The metallic taste of blood in my mouth means I am still alive. A familiar smell oozes from the writhing bodies above – urine mixed with feces. A welcome distraction from the stench of rotting corpses beneath. I lay still, hidden by a cover of nakedness. They are my people and in death, they still protect me. I promise to remember.
Muffled sounds of gunfire and screaming - additional weight in the pit. It's nighttime now. It can't be much longer. My hand brushes against cold, hard flesh as I struggle to touch the scrap of paper in my pocket. A small section of a crude sketch, a map I found lying in the muck while moving boulders through the camp. I recognized a village. I call it, Mentesség – Freedom. I etched it in my mind, saving only the corner that leads to freedom.
Above me, a man's voice whispers the Mourners Kaddish. I join in, silently. His voice dies; it is time. Clawing my way to the top, a ladder of bone and paper-thin skin is my only chance. God is with me. I am alive. I have a map.
Sylvia picks at the cheap walnut top of the conference table waiting for her class to arrive. It is the last day of a two-week rotation on the memory unit. A small fragment of laminate breaks free under her nail. Two weeks for students to grasp what science can't fully explain.
"Professor? Can I talk to you?" Andrea is a quiet young lady. She is compassionate and listens carefully. Silvia smiles. She will be a good nurse some day.
"It's about Mr. Levine," Andrea says.
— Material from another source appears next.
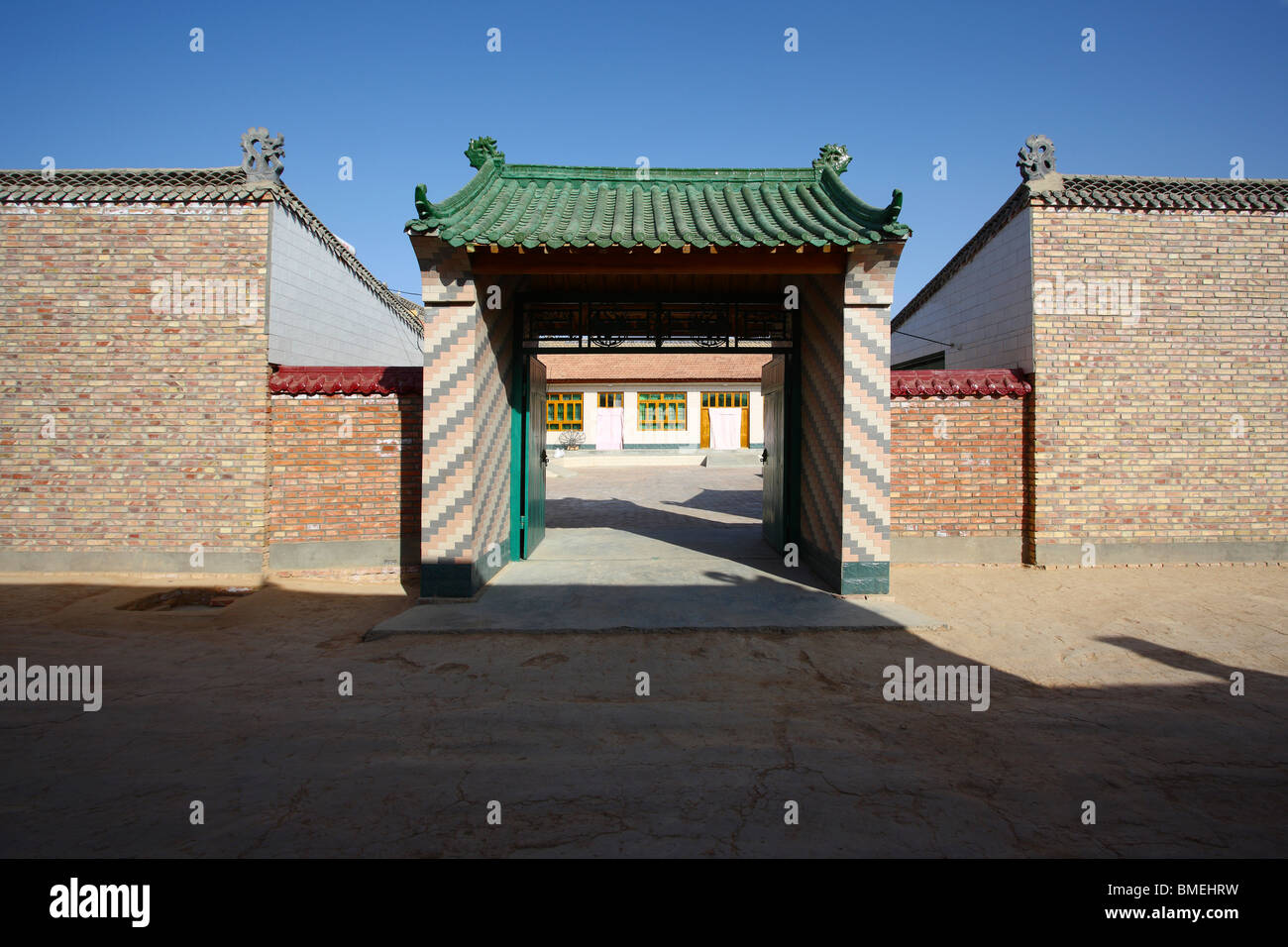 Entrance of the local traditional courtyard, Mageda Village, Tongxin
She looks at the stark white wall behind Silvia as if measuring her words. "He takes the menu off the dining table at every meal." She pulls a folded piece of peach colored copy paper from her pocket and lays it flat on the table. "He draws on it and then hides it, and does the same thing at the next meal. When I try to take it, he gets very angry."
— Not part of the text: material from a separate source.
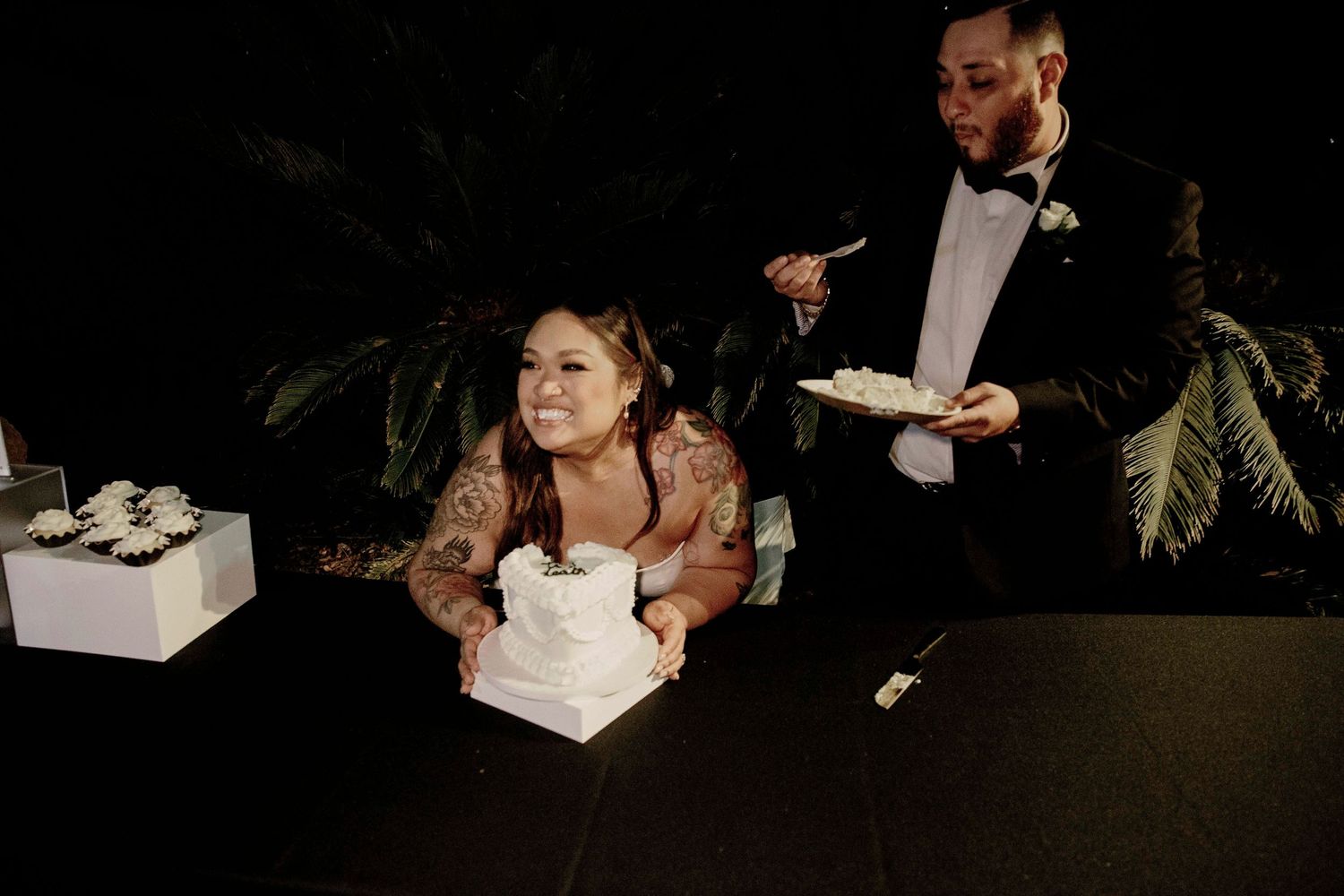 Elegant wedding party dances together in formal attire at an evening reception celebration.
Silva looks at the paper, black block print listing the morning meal, covered with lines of crayon in a childlike scrawl. "Don't try to take it," Silvia replies. It seems like a simple response to such a complex inquiry, but thirty years as a nurse has not afforded her all of the answers to Alzheimer's disease. The best way she knows to explain it to a young student is to equivocate it to someone locked inside a house: and only they are aware of what the interior looks like. "It's just a cheap piece of copy paper, give it back to him. Most likely, he's reliving a memory." Hopefully, she says to herself, it's a pleasant one.
Andrea picks up the menu, looking again at the scribbled bold lines. "Professor? I have to ask...what are those numbers on his arm? Was he in prison?"
Silvia rubs her temples. "Much worse than prison. He's a Holocaust survivor."
"Oh," Andrea whispers. She traces one of the lines with a thin finger. Then another. And another. They twist and turn across the pale background, yet all seem to lead to a final haven. "Oh," she whispers again. She refolds the menu, careful to use the existing creases, then tears a small corner from it and places it in her pocket.